The Volunteer Effect

Before I jump back into the weeds here, let's step away for a paragraph and remind ourselves that the question of the moment is "Do charter schools provide a good, workable model for the overall education system?" This is a high bar, but it's one that the reformers themselves set. There are things that many charter schools do which tend to improve student performance and attitude, but which would lose their effectiveness if applied to the general population.

Which brings us to the volunteer effect.

In Influence, Robert Cialdini observes that "we accept inner responsibility for a behavior when we think we have chosen to perform it in the absence of strong outside pressures." (I couldn't find my copy but it's on page 97 of the library's.)* It's part of the chapter on commitment which is filled facts and examples that are relevant to the current education debate.

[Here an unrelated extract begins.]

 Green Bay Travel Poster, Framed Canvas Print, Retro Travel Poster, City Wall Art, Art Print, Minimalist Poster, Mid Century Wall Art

Indoctrination plays a large part in the culture of schools like KIPP and HCZ. This isn't a bad practice -- all schools do it to some extent -- but it is particularly important when a school tries to greatly increase student work load. If you are assigning hours of homework every night and study sessions every Saturday and you expect reasonable compliance, you are going to have to make the students believe that hard work is the right thing to do and that it will lead to large rewards.

That kind of belief modification is easiest when subjects see themselves as volunteers who not only chose to engage in the accompanying behaviors but who actually made an effort to do so. This works well in the current incarnation of charter schools, but everyone can't be a volunteer. When educators show the ability to inspire these beliefs in the kids who don't want to be there, then we'll have something.







* As part of this discussion, Cialdini also mentions that small rewards tend to create more long-lasting behavior changes than large rewards. This sets up an interesting topic for a future blog post on economics and compensation.

1 comment:

  1. I wonder if we might also be seeing the same thing, in reverse, for public education. When all sides agree that public education has completely failed then maybe this discourages investment in improving schools on the margin 9and moves people to plot escape instead)?